I love arts and crafts but, as I concluded in college, I was neither creative nor talented enough to be other than a starving artist. I still dabble as a stress-reliever and to provide a balance to work and family demands. It is a nice creative outlet. 
 
What research have you been conducting lately and why?
I have several different research threads in progress. My current research focus is on third party duties of care in tort law and that research encompasses several different areas where social changes may demand reconsideration of traditional tort obligations. I have a work-in-progress with a co-author on removal and have finished a the third, and last, in a series of articles on repose, although I am considering taking it in a slightly different direction. 
 
What is a favorite project you have worked on recently? 
I now have oversight of the Cambridge Study Abroad Program and have been pretty immersed in pulling the pieces together for next summer. We have made some changes that I hope will provide an even better experience for students in the program and I am pretty excited about the things we have planned. I have also secured larger space for our Children in Law study area which will support students with children. Current events have impacted the progress in cleaning and refurbishing the space, but I hope we will not be too far down on the list when university operations resume.
 
What is the best piece of advice you’ve been given and by whom?
There isn’t any one piece of advice that I can point to as the best. My father was frequently my go-to, but I’ve had great advice from different sources depending upon the context and the time. If I were to say which advice has served me the best across the board, it would probably be a version of the “be true to yourself” adage that floats through the ether.
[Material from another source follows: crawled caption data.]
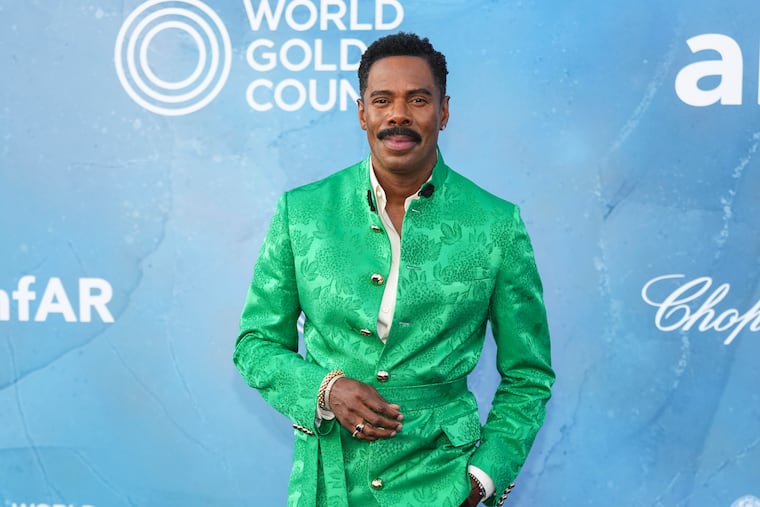 Colman Domingo at the Venice Film Festival in Venice, Italy, on Aug. 31.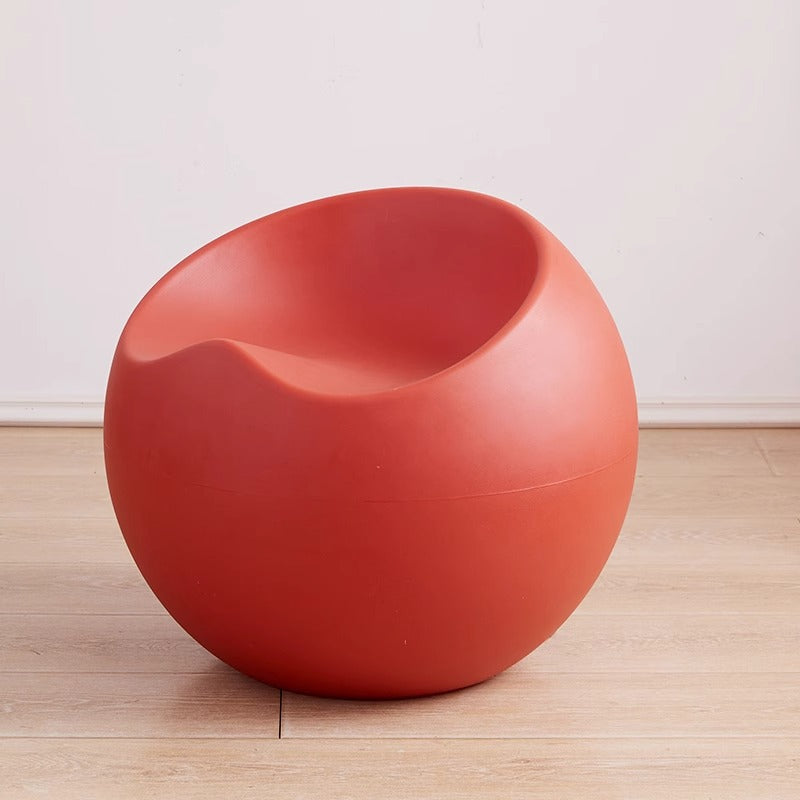 Contemporary Apple Sphere Footstool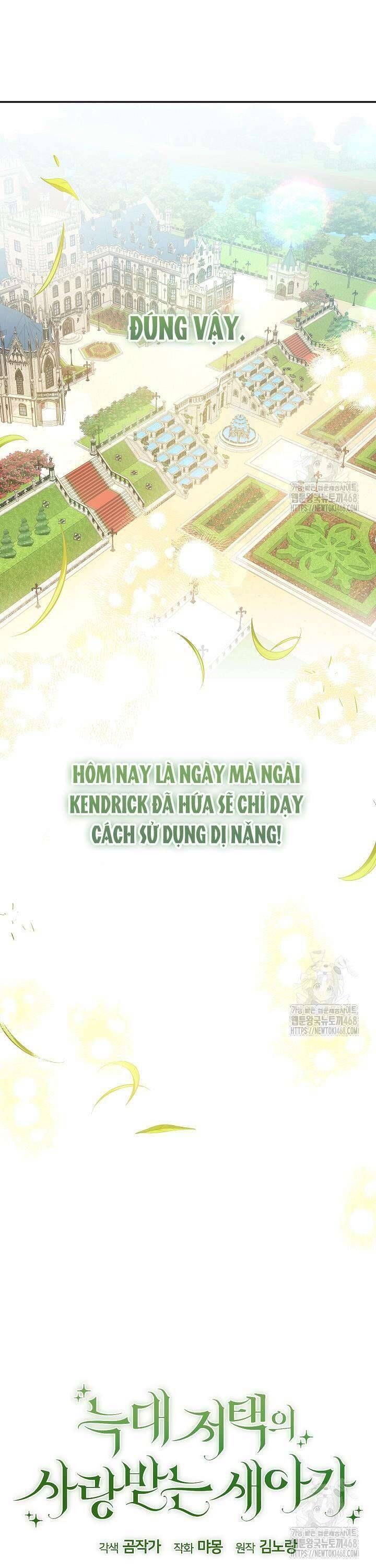 Nàng Chim Được Dinh Thự Sói Yêu Thương Chap 38 - Next Chap 37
In my case it was actually, “never lie to yourself.” I do not recall the source but have found that examining the real reasons motivating an action I am contemplating or reaction I am having helps determine what I then do or whether I adjust my response. It has proven a valuable approach. 
 
What is your favorite part about working with law students?
Honestly just engaging with students from different backgrounds and with different perspectives and life experiences about some of the legal issues we face today. I enjoy our students both in and out of the classroom and consider myself fortunate to be at a school that values these relationships.
 
What do you look forward to in your new role come fall?
Hah! I should probably run away very fast. I hear it is a thankless role, but frankly it will be an opportunity to see the different demands placed on the law school that we, as professors, are not necessarily aware of or would be involved in.